Ausgeliefert – Kein Leben auf Bestellung

Das Internet bringt alles nach Hause – versandkostenfrei und oft noch am Tag der Bestellung. Aber auf ein lebensrettendes Spenderorgan warten schwer erkrankte Menschen viele Jahre – und sterben oft, bevor sie eines erhalten können. Mit der Online-Kampagne „Ausgeliefert – Kein Leben auf Bestellung“ zeigten die Stiftung Über Leben und die Mediaplus Gruppe, dass viele Leben verloren gehen, weil Rettung – auch aufgrund mangelnder Spendenbereitschaft – „nicht erhältlich“ ist.
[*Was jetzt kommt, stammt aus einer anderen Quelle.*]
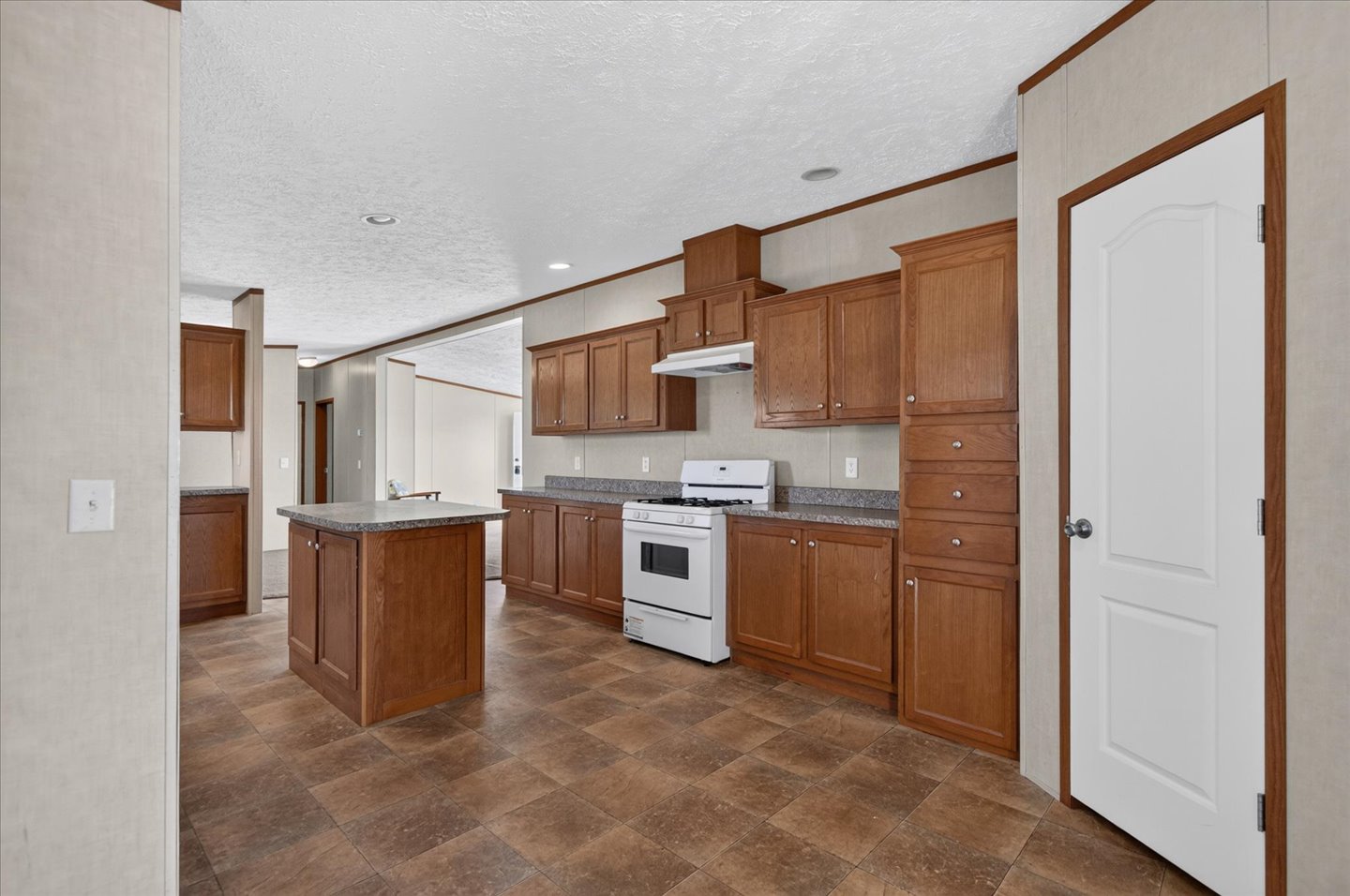 22563 Ns 416 Road Property Photo 11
Die Stiftung Über Leben und die Mediaplus Agenturgruppe boten im Januar 2019 symbolisch ein menschliches Herz als Produkt im BILD Shop an – direkt neben Herrenbekleidung und Haushaltswaren. Ist das denn nicht absurd? „Ja“, sagen die Initiatoren der Mediaplus Gruppe, denn sie wollen mit der provokanten Aktion auf etwas viel Absurderes hinweisen: darauf, dass jedes Jahr in Deutschland über 1.000 Menschen sterben, weil ein passendes Spenderorgan „nicht erhältlich“ ist.
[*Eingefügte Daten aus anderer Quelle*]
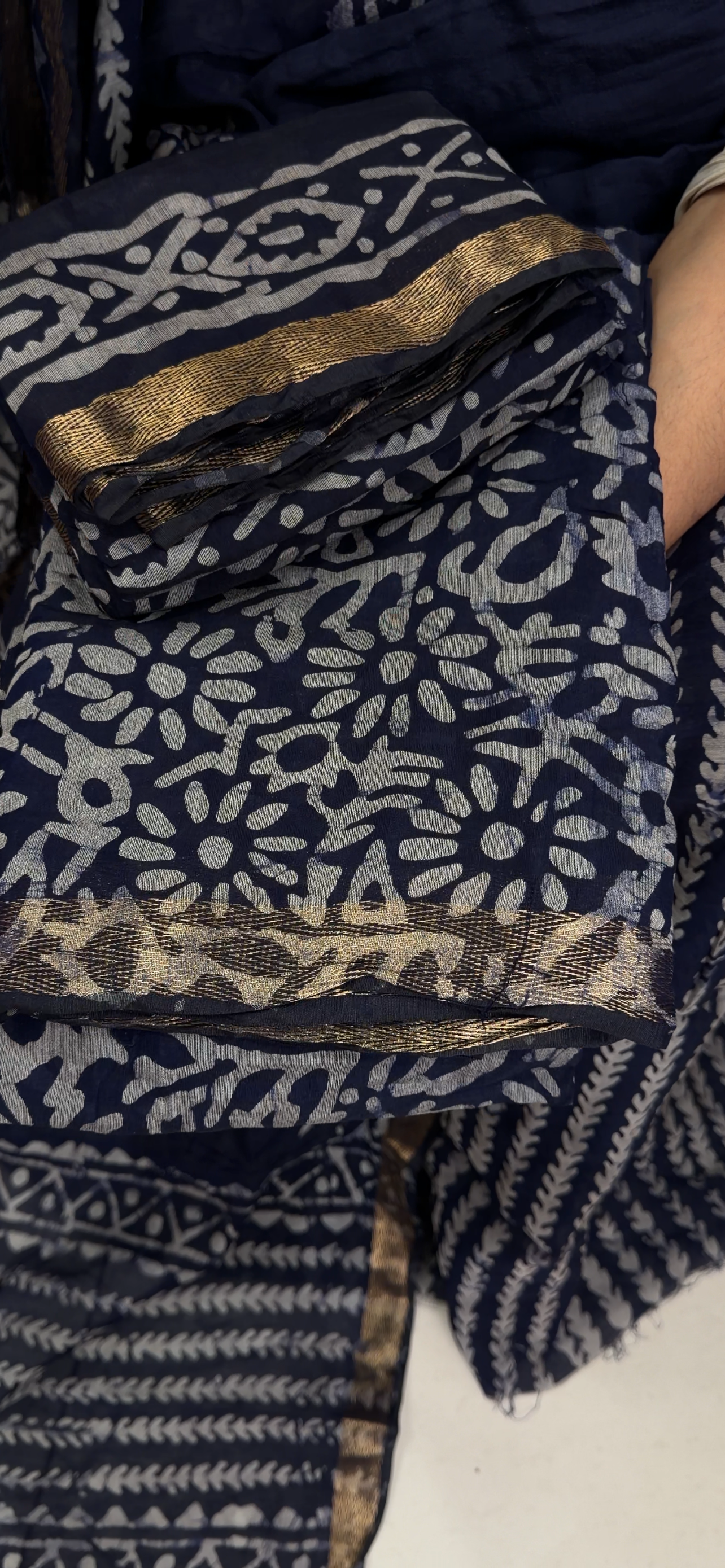 MAHESWARI SILK PRINTED UNSTITCHED SALWAR SUITS - IHA 34017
Die Auflösung der Aktion: Wer das Angebot mit dem Herz anklickte, gelangte auf eine Detailseite des „Produkts“ mit den funktionalen Eigenschaften eines gesunden menschlichen Herzens und sogar der detaillierten Beschreibung des Erhaltungszustandes – erfuhr aber auch alle alarmierenden Fakten über die Situation von Transplantationspatientinnen und -patienten in Deutschland und konnte über nur zwei Klicks seinen gültigen Organspenderausweis direkt ausfüllen.
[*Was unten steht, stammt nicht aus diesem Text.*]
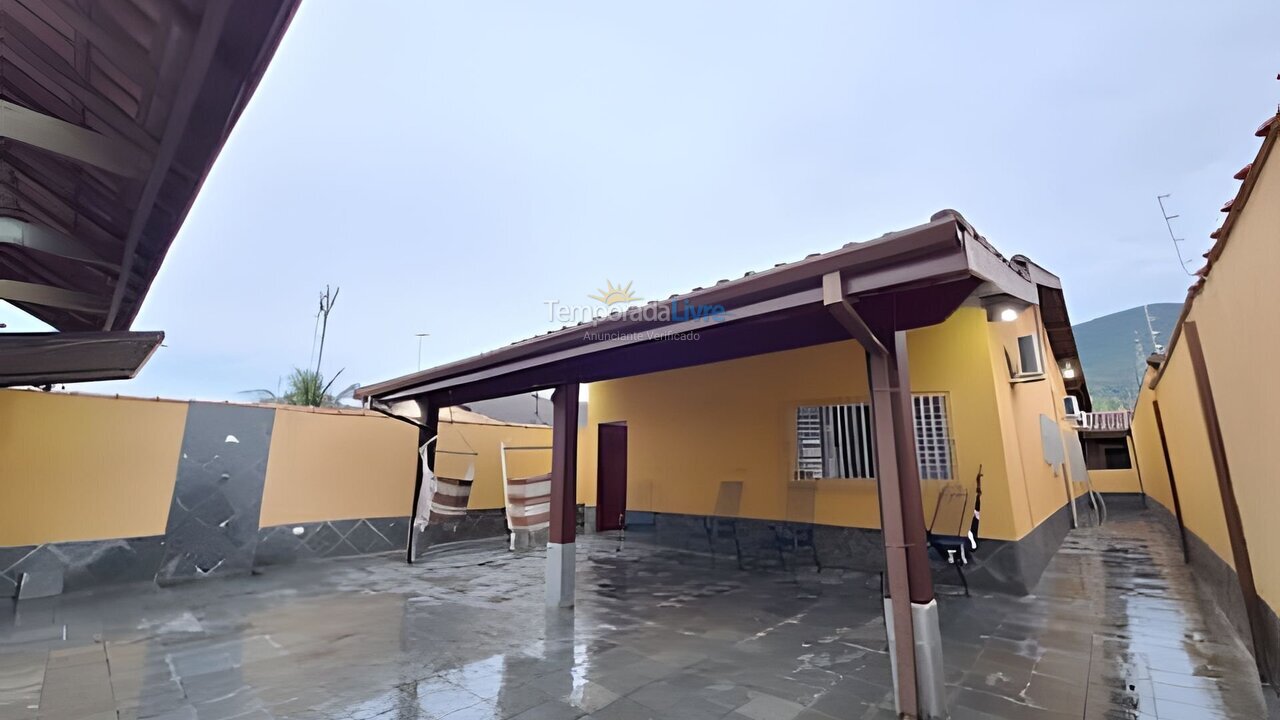 Casa para aluguel de temporada em São Sebastião (Enseada)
Denn – das machte die Aktion „Kein Leben auf Bestellung“ unmissverständlich klar – „um die Situation der Organspende in Deutschland nachhaltig zu verbessern, ist es unerlässlich, dass sich viel mehr Menschen zu Lebzeiten mit dem Thema auseinandersetzen und entscheiden, ob Sie im Falle ihres eigenen Todes ein anderes Leben retten möchten. Nur etwa ein Drittel der deutschen Bevölkerung besitzt einen Organspendeausweis – das möchten wir mit dieser Kampagne ändern“, betont Jorit Ness, Geschäftsführer der Stiftung Über Leben.